The players did not not approve the deal anyway, leading to an extension of the lockout earlier this week.

NBA cancels first two weeks of season

By Brian Mahoney
Associated Press

NEW YORK — Two weeks of the NBA season are gone and more are in jeopardy because of what Commissioner David Stern calls “the gulf that separates us” in labor negotiations.

Sticking to his deadline, Stern wiped out the first two weeks of the season — exactly 100 games — after more than seven hours of negotiations failed to produce a new labor deal and preserve the Nov. 1 season openers.

The cancellations mark the NBA’s first work stoppage since the 1998-99 season was reduced to 50 games.

Clashing more over the salary cap structure than economics — but still far apart on both — Stern said both sides are “very far apart on virtually all issues. … We just have a gulf that separates us.

“With every day that goes by, I think we need to look at further reductions in what’s left of the season,” he added.

Stern said last week that he would cancel the first two weeks of the season Monday without a new collective bargaining agreement to end the lockout. The two sides expect to remain in contact, but no additional formal talks have been scheduled.

“I started out by saying I’m sorry to report, and I’m sad to report that we’ve canceled the first two weeks,” Stern said. “We certainly hoped it would never come to this. I think that both sides worked hard to get to a better solution. We think that we made very fair proposals. I’m sure the players think the same thing. But the gap is so significant that we just can’t bridge it at this time.”

Union president Derek Fisher agreed, emphasizing that missing any games puts the season in jeopardy. He also stressed this was a lockout, not a strike, and that it was the owners’ decision not to be playing basketball.

“This is not where we choose to be,” he said. “We’re not at a place where a fair deal can be reached with the NBA.”

The cancellation includes all games scheduled to be played through Nov. 14, and affected arenas have been authorized to release dates for those dates.

Based on last year’s average announced attendance leaguewide (just over 17,300 per game) and the average ticket cost last season, those now-canceled 100 games represent nearly $83 million in lost ticket sales — before the first concession or souvenir is sold and before the first car pays to park.

Season-ticket holders, however, get refunds, plus interest, for all canceled games.

Though disappointing to both sides and especially to fans, the result isn’t a complete surprise. The union had warned players for years to save their money, knowing a work stoppage seemed likely, and executive director Billy Hunter repeated that players won’t cave once they start missing pay checks next month.

“I think it goes back to a comment that David made to me several years ago when he said, ‘Look, this is what my owners have to have.’ And I said, ‘The only way you’re going to get that is if you’re prepared to lock us out for a year or two, and (this) indicated to me that they’re willing to do it,” Hunter said. “So my belief, my contention is that everything he’s done has kind of demonstrated that he’s following that script.”

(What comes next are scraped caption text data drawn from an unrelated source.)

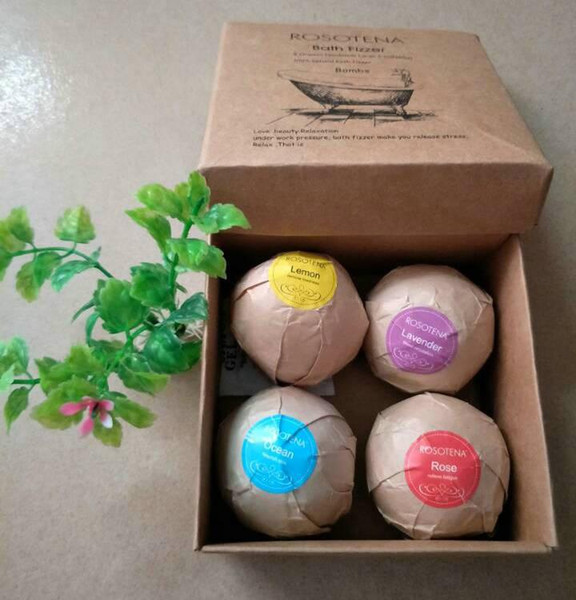 DHL 12pcs rosot ena 100g Dried flowers Rose/Lavender/Lemon/Deep Sea Bath Salt Body Essential Oil Bath Ball Natural Bubble Bath Bombs Ball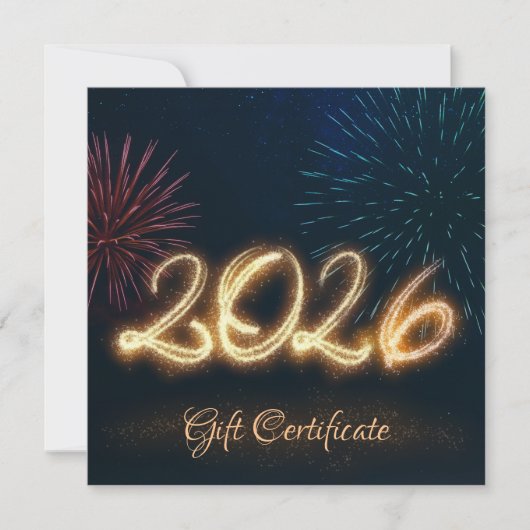 Carte Sparkling Happy New Year Fireworks 2026 Gift Card (Devant)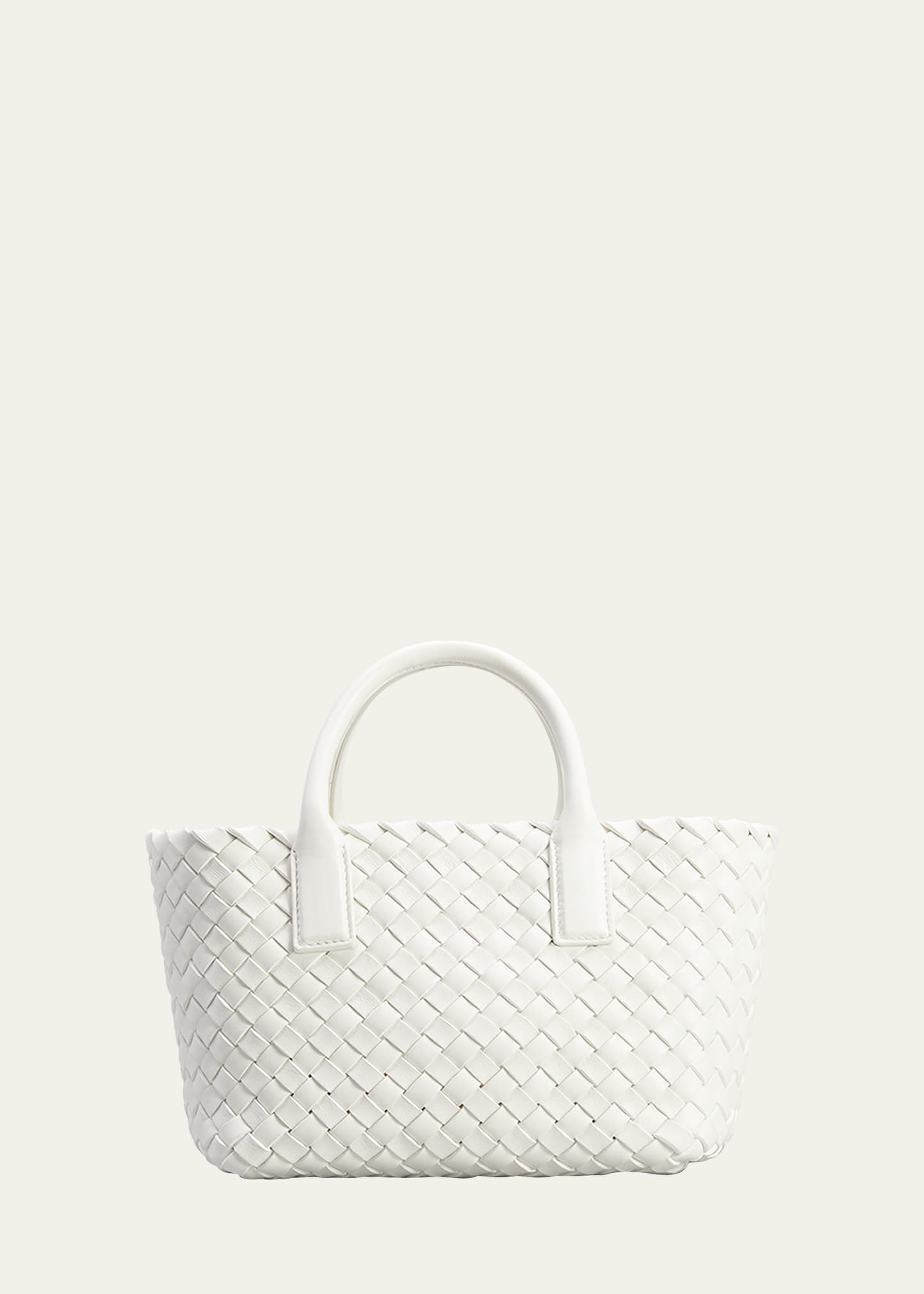 Bottega Veneta Arco Intrecciato Lambskin Tote Bag In White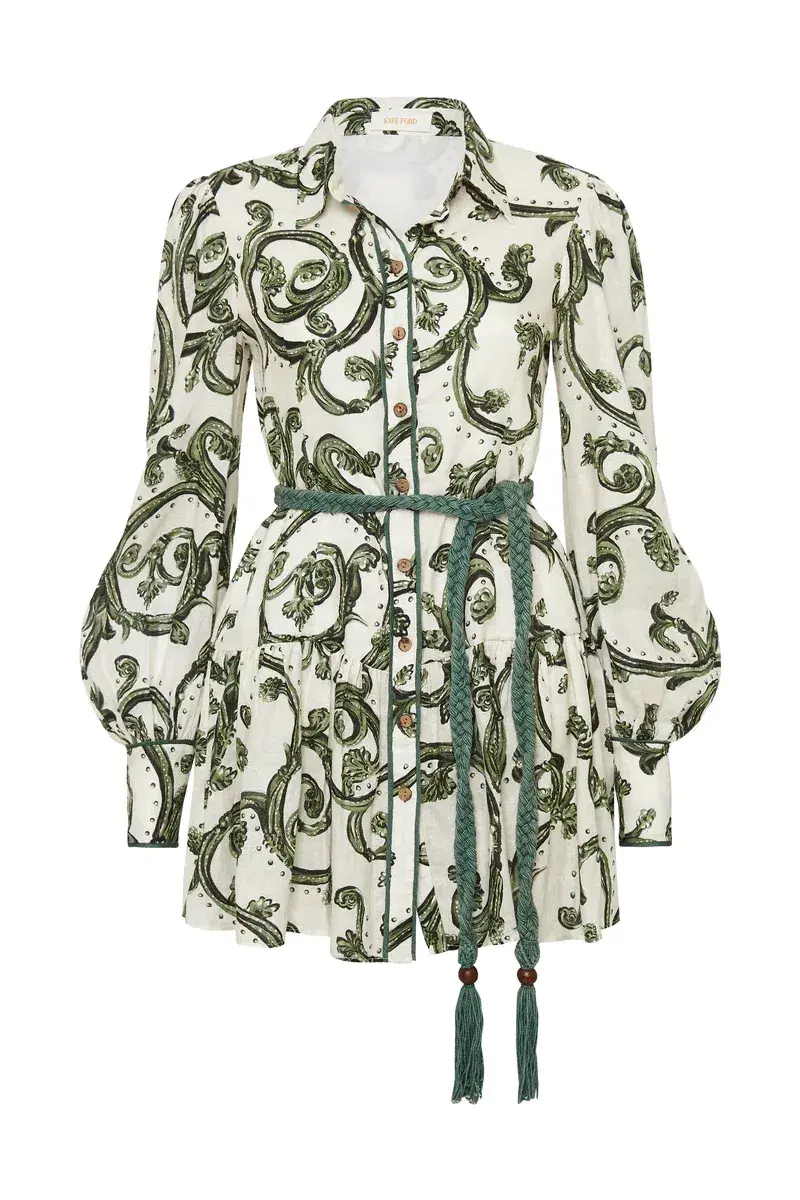 Kate Ford Zelie Short Shirt Dress Print Size 8  - Image 6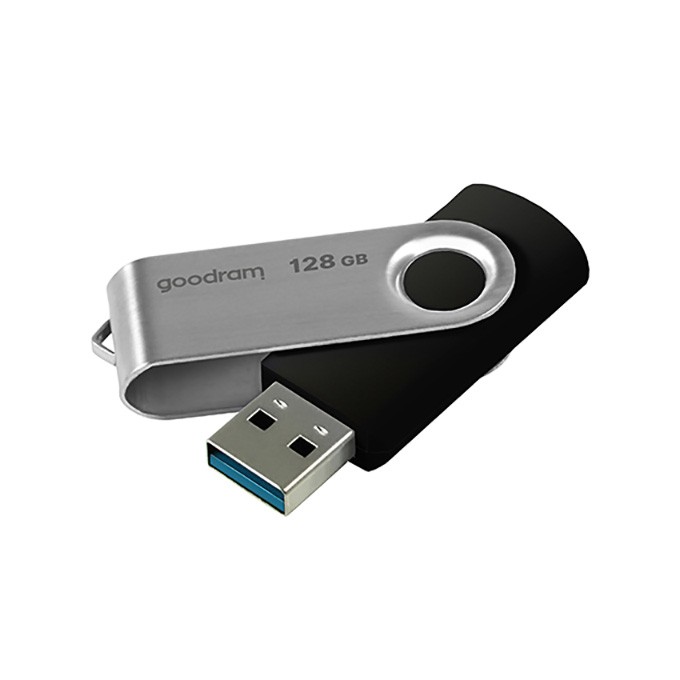 Goodram USB flash disk, USB 3.0, 128GB, UTS3, czarny, UTS3-1280K0R11, USB A, z obrotową osłoną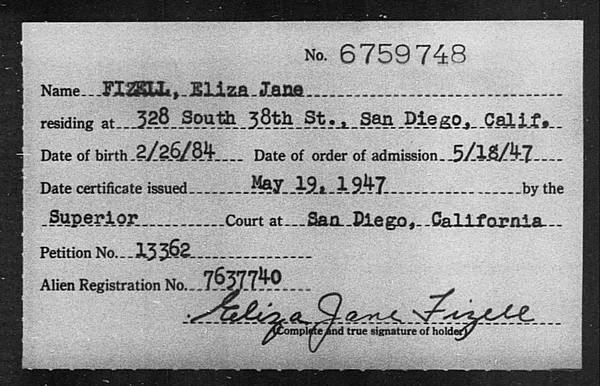 Fizell, Eliza Jane - 1947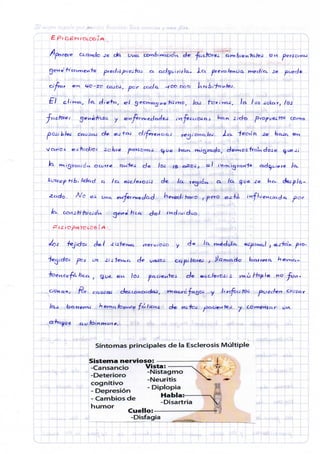 C|eMe'''^cfi»^eM'/c predí-sy^üeJTQJ o, acl^Oirifla. J-Ci píei/c»/ene/a ^viedi'o. puede—
^4 i-ji» •^U'ji.'t
pcniÜG^ Cat-Joj c/e eo-+a¿ c//^f€MC/aj- r e j - /e-. *¿
/CL n-i icjYaa ¿i-, ocurre O i ^ i e ^ d e / c ü / s Q Í ? 0 - J C2 / i vi i ^ r a M " í « d d ( ^ 0 J e ) « / o -
2ctdo. - ^ C » e-¿ oi^et enyetrHec/cic/ ^ e » g d ; •tor/Oj ^ ^ey:Q eü-fa _;i'^f'^weMc/¿*det prj-«-
o^j- "/ej">dcj ele/ -fí^feiTrto. k^ervJC-io
- i I I L U ! I ! ! , 1 i . --I ¡ I - 4 - 1
CiOvLQ jx^ acitjsas des COyiCüdeis^ tn^aorxi -faQOJ y_ (o^'J tt>í j=>Ucd^y> C-fVZc,^
S í n t o m a s p r i n c i p a l e s d e l a E s c l e r o s i s M ú l t i p l e
a l
S i s t e m a n e r v i o s o :
- C a n s a n c i o ^ j ? . * * -
- N i s t a g m o
- D e t e r i o r o
c o g n i t i v o
- D e p r e s i ó n
- C a m b i o s d e
h u m o r
' T
'i
- N e u r i t i s
- D i p l o p i a
H a b l a : -
^1
- D i s a r t r i a
C u e l l o : —
- D i s f a g i a -a
4
 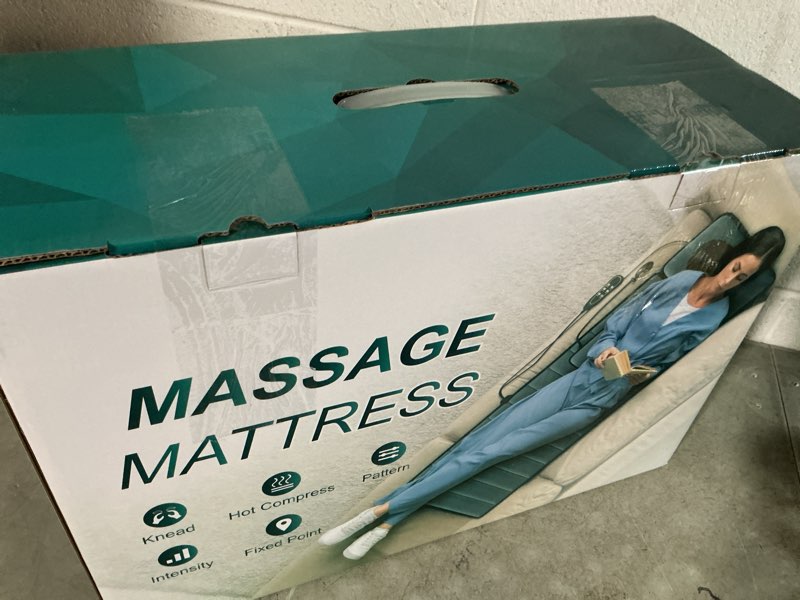 Condition photo showing New/Like New for shiatsu full body massage mat with heat, detachable massager pad, 10 vibrating motors, deep tissue pain relief for back, neck & legs – relaxation at home or office without foot massager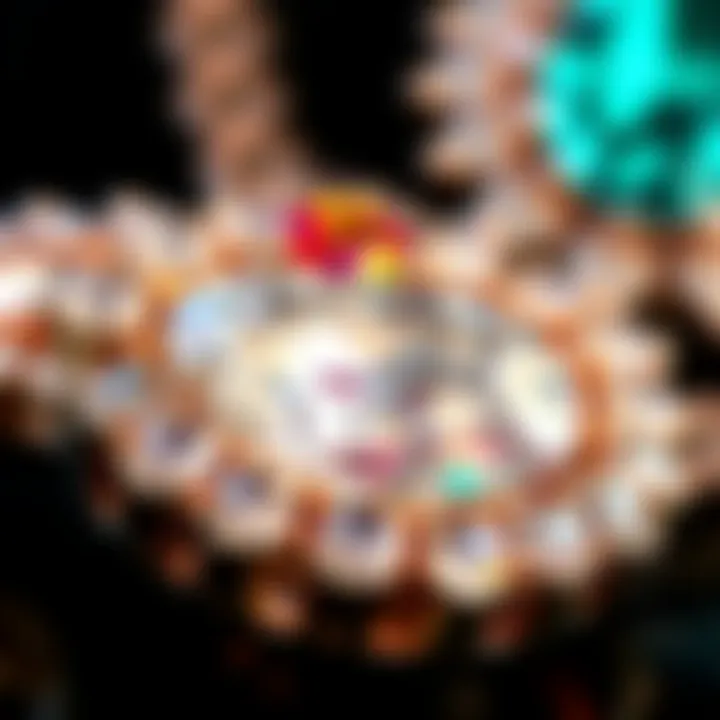 Gemstone Brilliance: Close-Up of Jewelry Craftsmanship Close-up of intricate gemstone details in a jewelry set
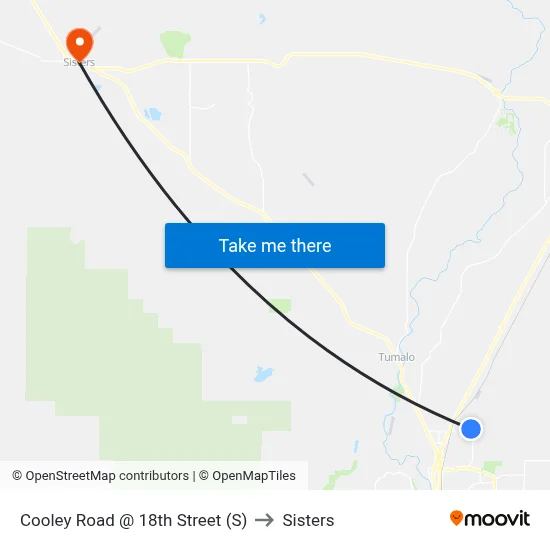 Cooley Road @ 18th Street (S) to Sisters map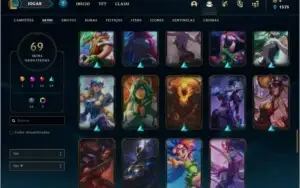 Conta prata 4 com 69 skins e 84 champs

With another work stoppage, the NBA risks alienating a fan base that sent the league’s revenues and TV ratings soaring during the 2010-11 season. And the cost of cancellations would be staggering. Deputy Commissioner Adam Silver said the league would lose hundreds of millions of dollars; Hunter estimated players’ losses at $350 million for each month they were locked out.

Now ushers, security personnel, parking lot attendants, concession workers, restaurant employees and others all stand to have their hours cut or join the country’s 14 million unemployed. A few teams also have either trimmed their staffs or instituted sharp pay cuts — some did that as the lockout began — and more layoffs could be forthcoming.

Hunter said he didn’t think the full season was in jeopardy yet and stressed it would be a mistake for the NBA to risk it coming off a season when revenues and TV ratings soared.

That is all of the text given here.